Exercise requirements: Please transcribe every entry below exactly, without including the pictures.
The records section start
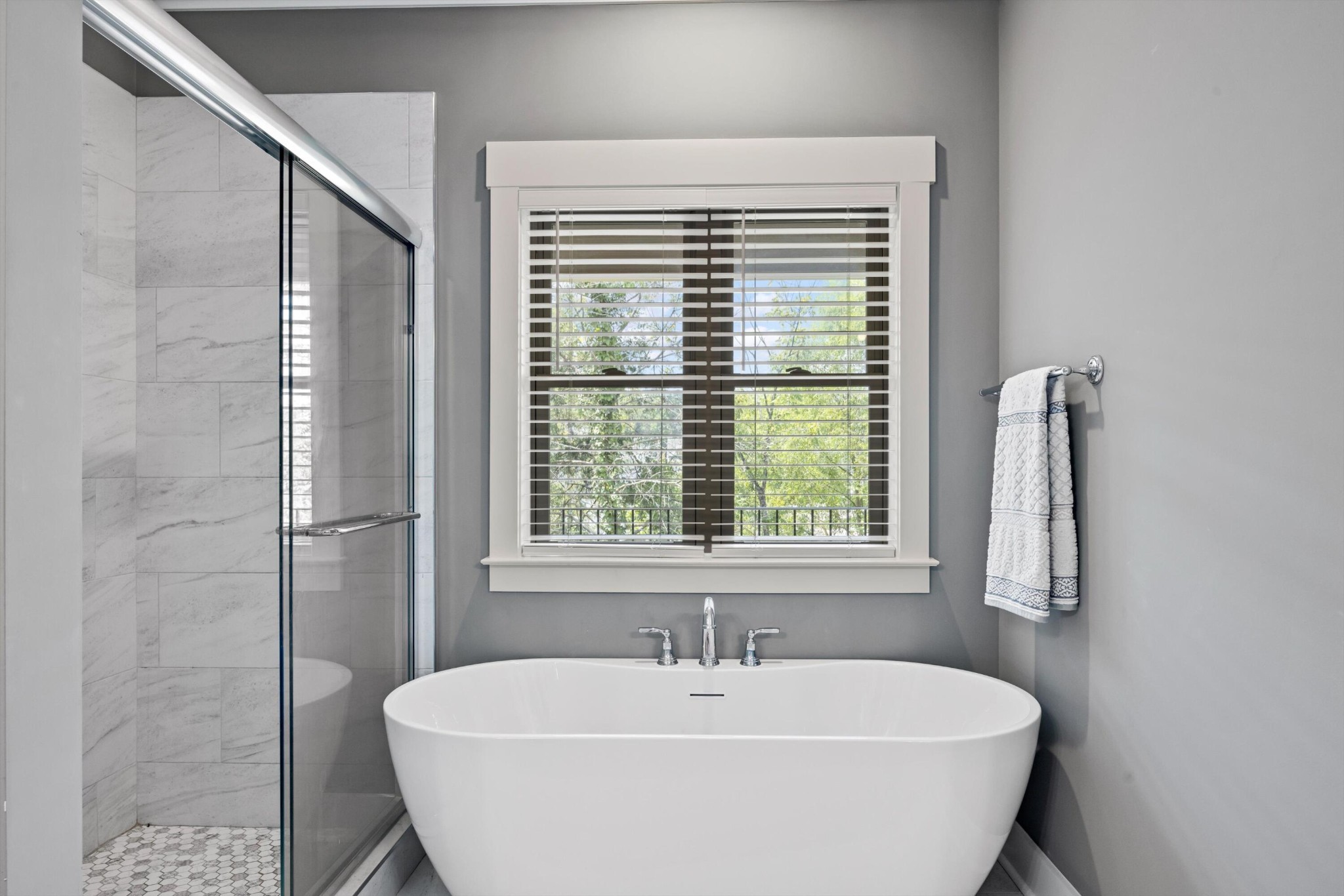 9638 Dutton Lane Ooltewah, TN 37363 - Photo 25 of 38 a white bath tub sitting in a bathroom next to a window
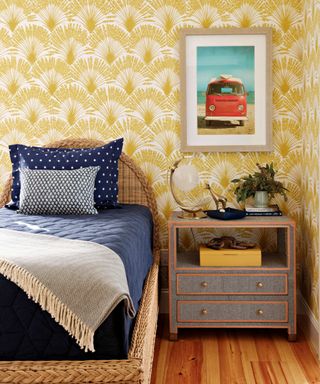 Kids bedroom with yellow wallpaper and blue bedding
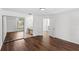 Bedroom with sliding closet doors, wood floors, and neutral walls at 400 Timbercreek N Dr, Winter Garden, FL 34787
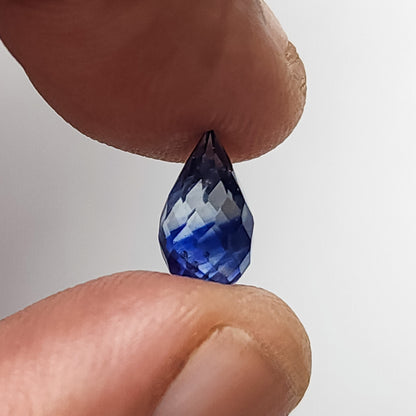 Briolette facetada azul equilibrada entre las puntas de los dedos para escala, con su forma de gota completa sin taladrar visible.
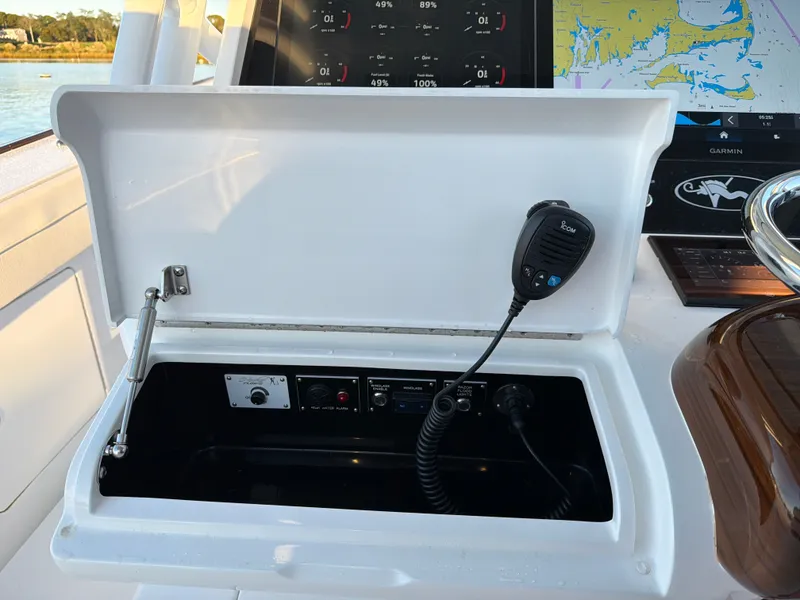 Slide: The Image of An open compartment on a boat reveals a radio and controls. A screen displays navigation data. - 49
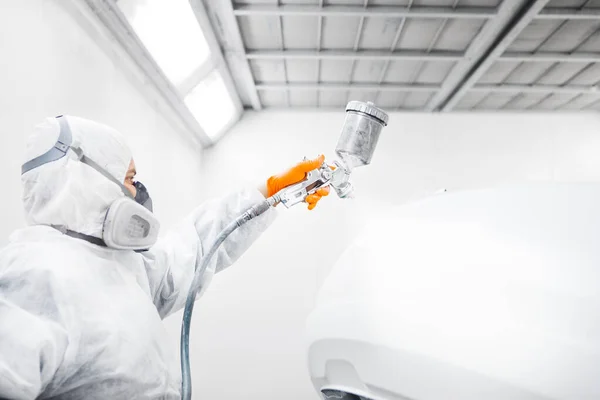 자동차 정비공 이 수리하는 동안 페인트 실에 스프레이 총을 가지고 흰색 자동차를칠 하는 모습. — 스톡 사진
The records section end
Reply to the exercise:
 9638 Dutton Lane Ooltewah, TN 37363 - Photo 25 of 38 a white bath tub sitting in a bathroom next to a window
 Kids bedroom with yellow wallpaper and blue bedding
 Bedroom with sliding closet doors, wood floors, and neutral walls at 400 Timbercreek N Dr, Winter Garden, FL 34787
 Briolette facetada azul equilibrada entre las puntas de los dedos para escala, con su forma de gota completa sin taladrar visible.
 Slide: The Image of An open compartment on a boat reveals a radio and controls. A screen displays navigation data. - 49
 자동차 정비공 이 수리하는 동안 페인트 실에 스프레이 총을 가지고 흰색 자동차를칠 하는 모습. — 스톡 사진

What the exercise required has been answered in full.